**Exercise:**
Repeat word for word the lines from the top of the records through the line containing "folia Quilling Set Ganzjahr, 290-teilig", and skip the pictures.

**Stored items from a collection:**

Content starts

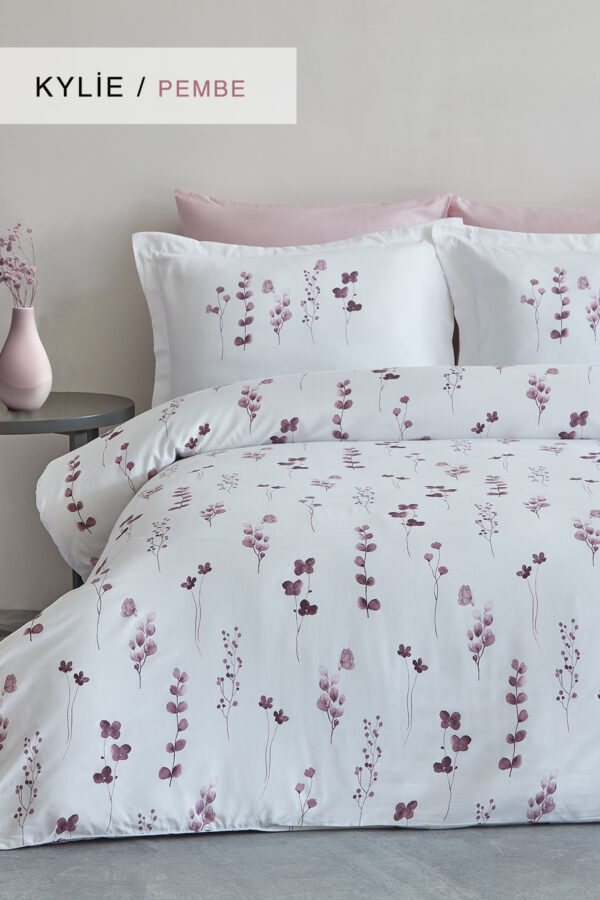 Kylie Cotton Satin Double Duvet Cover Set - Image 2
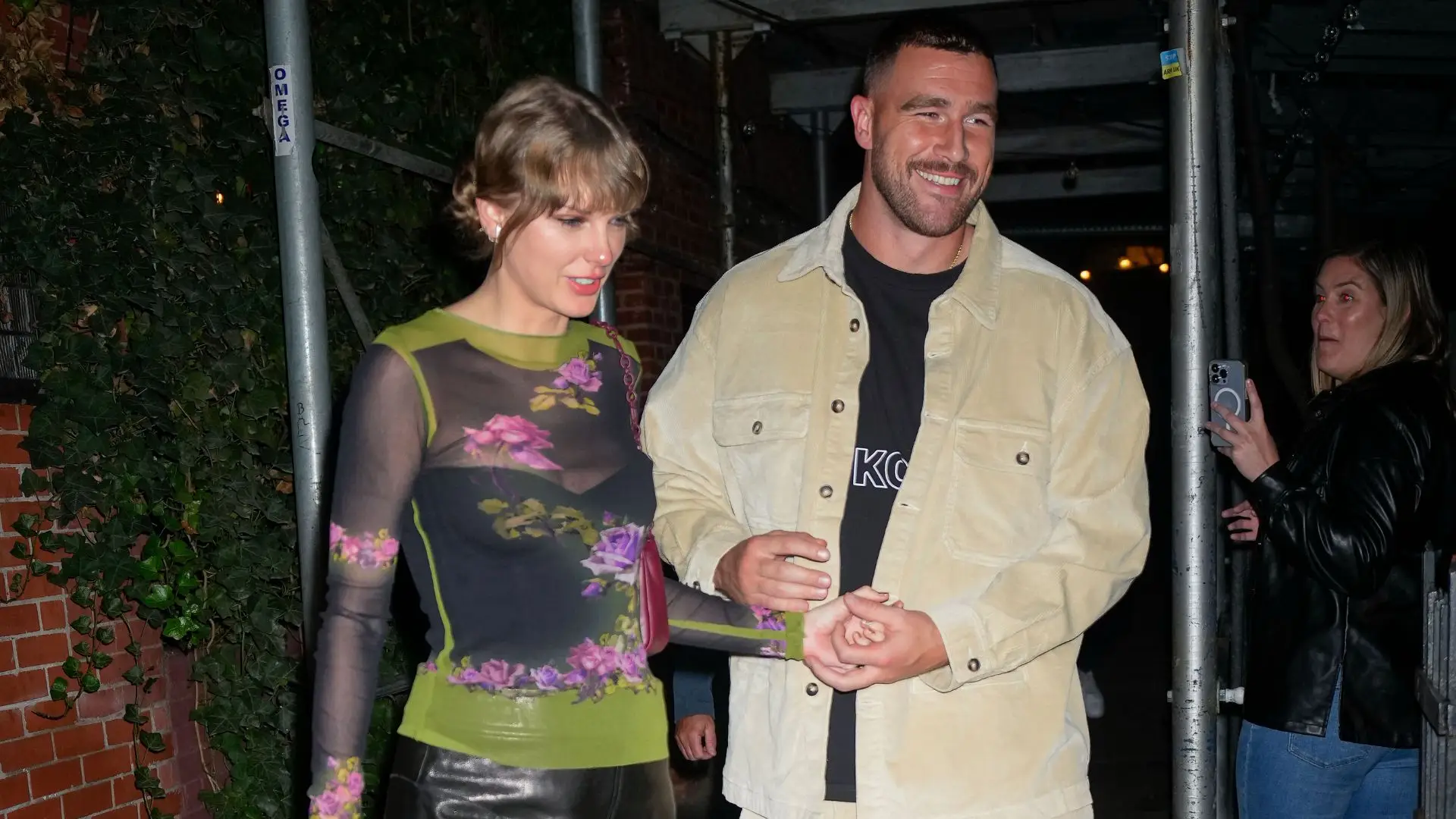 Taylor Swift and Travis Kelce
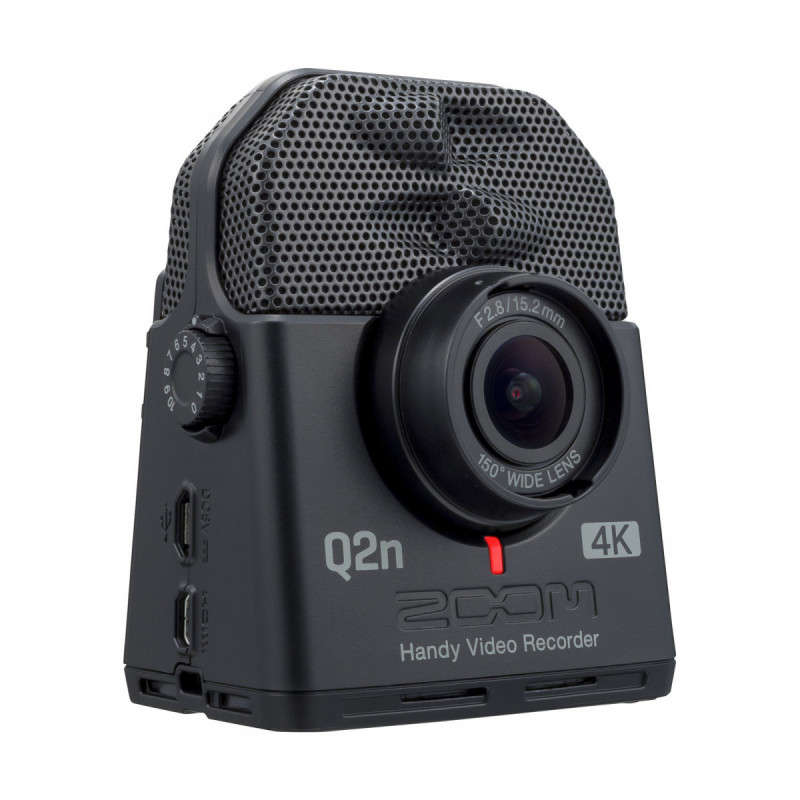 Zoom Q2N-4K Caméra compacte 4K portable objectif grand angle 150° 
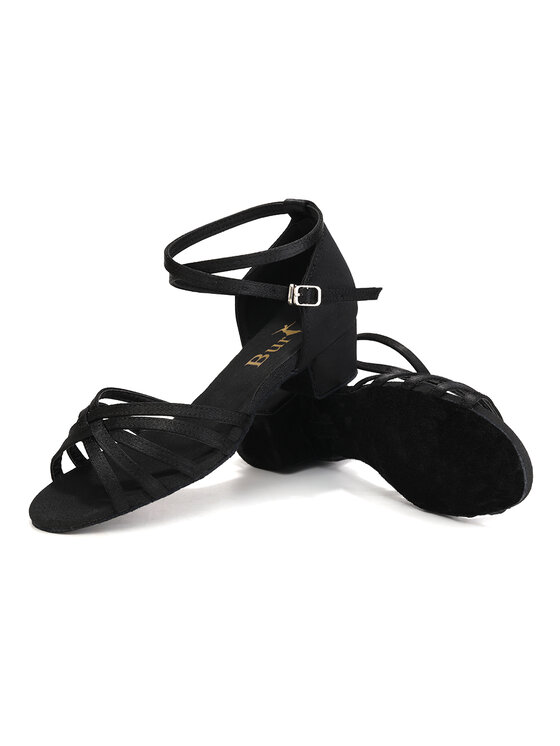 Burtan Dance Shoes Burtan Dance Shoes Sandały HAVANA Czarny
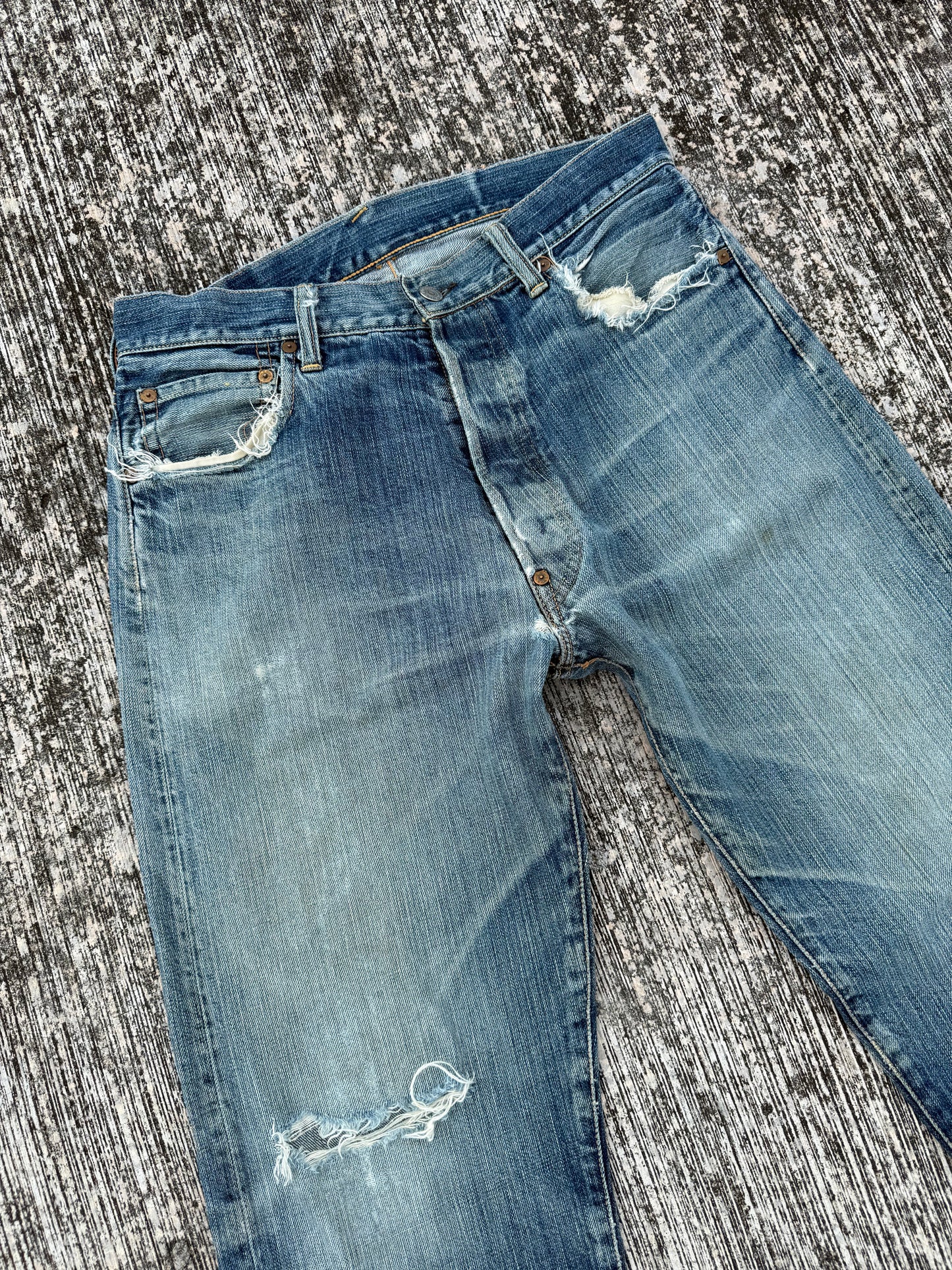 Vintage Evisu Japan Jeans Made In Japan – Heavy Fade & Distressed
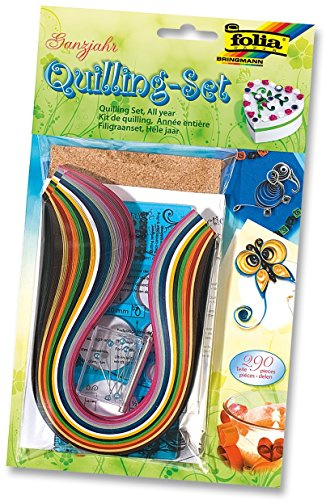 folia Quilling Set Ganzjahr, 290-teilig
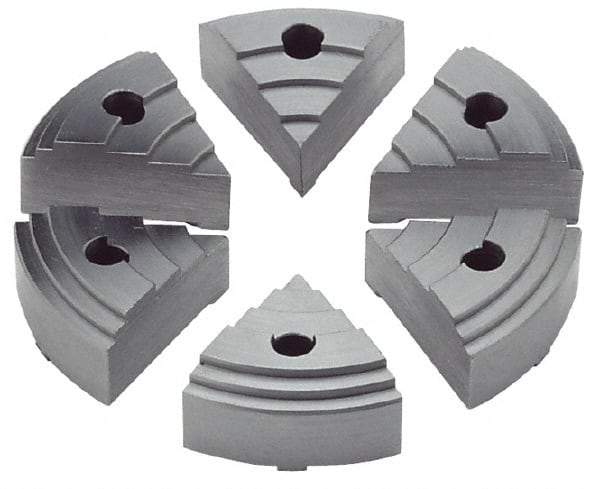 Value Collection - 2.16" Chuck Capacity, JF Attachment, Round Soft Lathe Chuck Jaw - 6 Jaws, Steel - Exact Tool & Supply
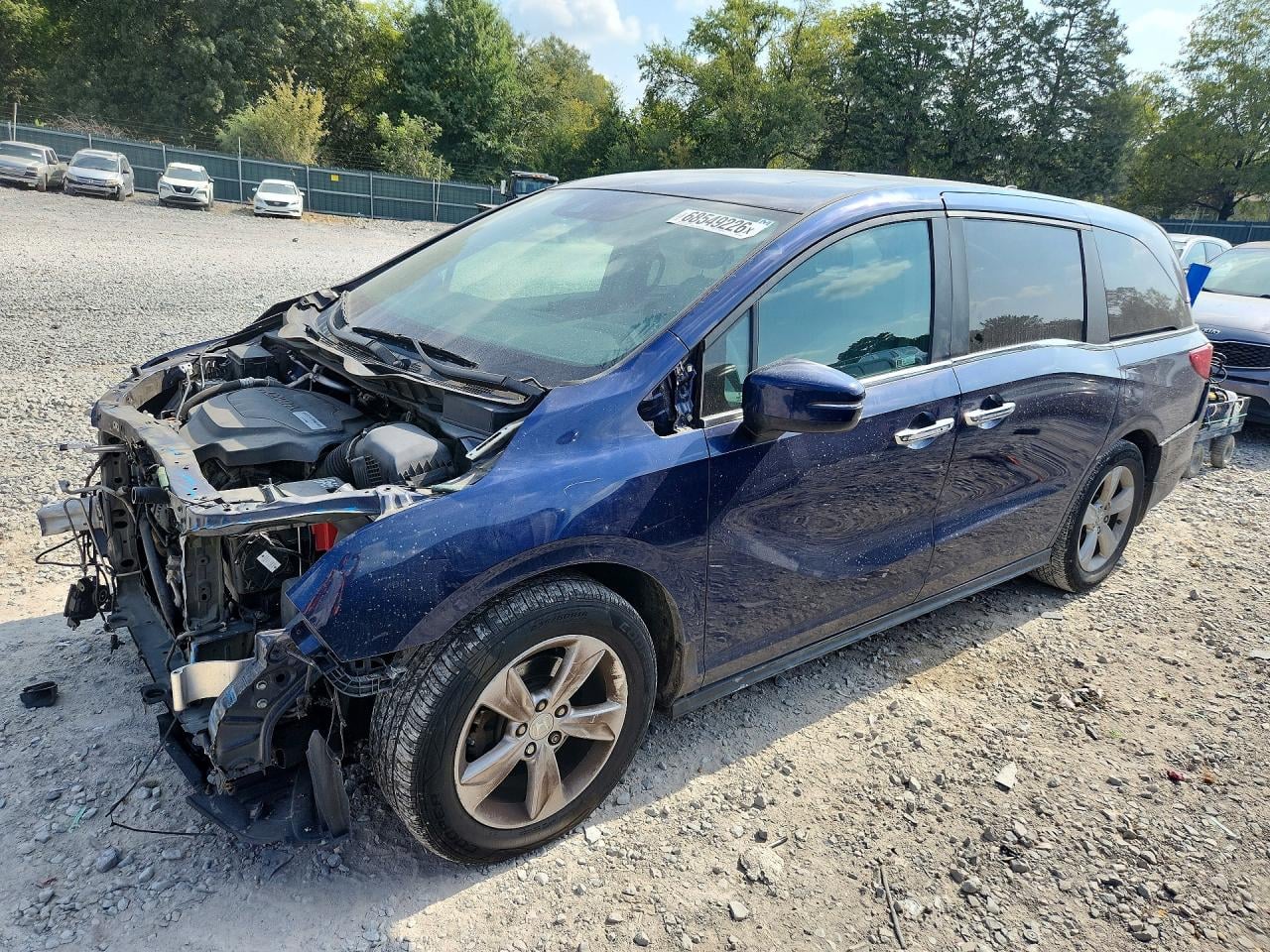 2019 HONDA ODYSSEY EXL | 5FNRL6H7XKB026967 | UPCARS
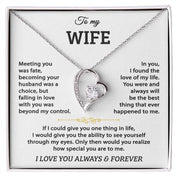 To my Wife - Forever Love Necklace - Silver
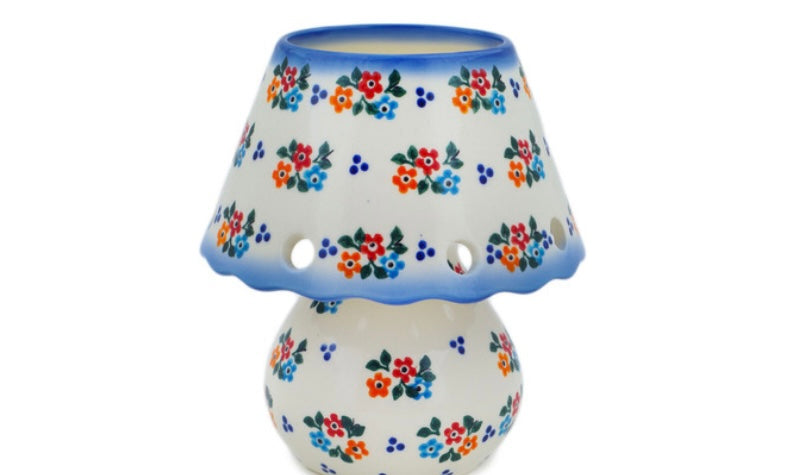 Cergor Polish Pottery, Unikat Sweet Clusters, Aroma Oil Burner Lamp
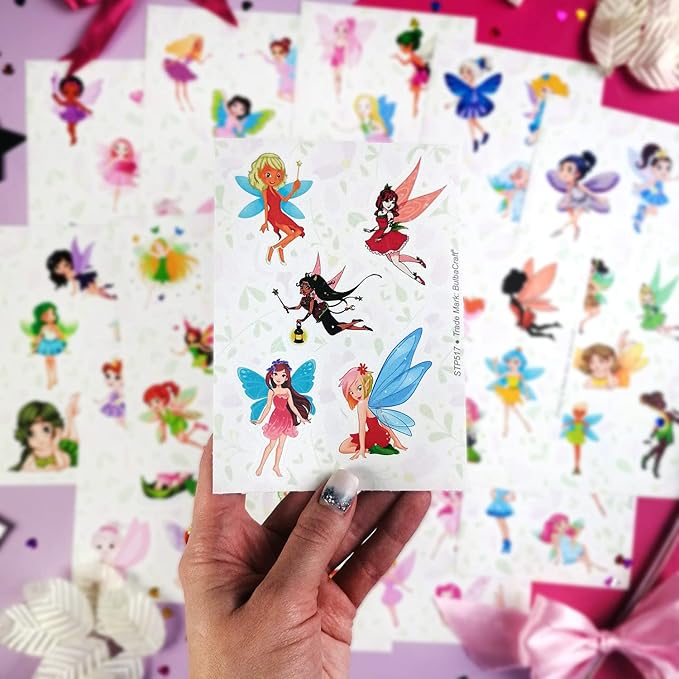 BulbaCraft Fairy Stickers and Decals for Laptop, Fairy Decorations for Birthday Party, Gifts for Women & Men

Content ends

**Problem solution:**
 Kylie Cotton Satin Double Duvet Cover Set - Image 2
 Taylor Swift and Travis Kelce
 Zoom Q2N-4K Caméra compacte 4K portable objectif grand angle 150° 
 Burtan Dance Shoes Burtan Dance Shoes Sandały HAVANA Czarny
 Vintage Evisu Japan Jeans Made In Japan – Heavy Fade & Distressed
 folia Quilling Set Ganzjahr, 290-teilig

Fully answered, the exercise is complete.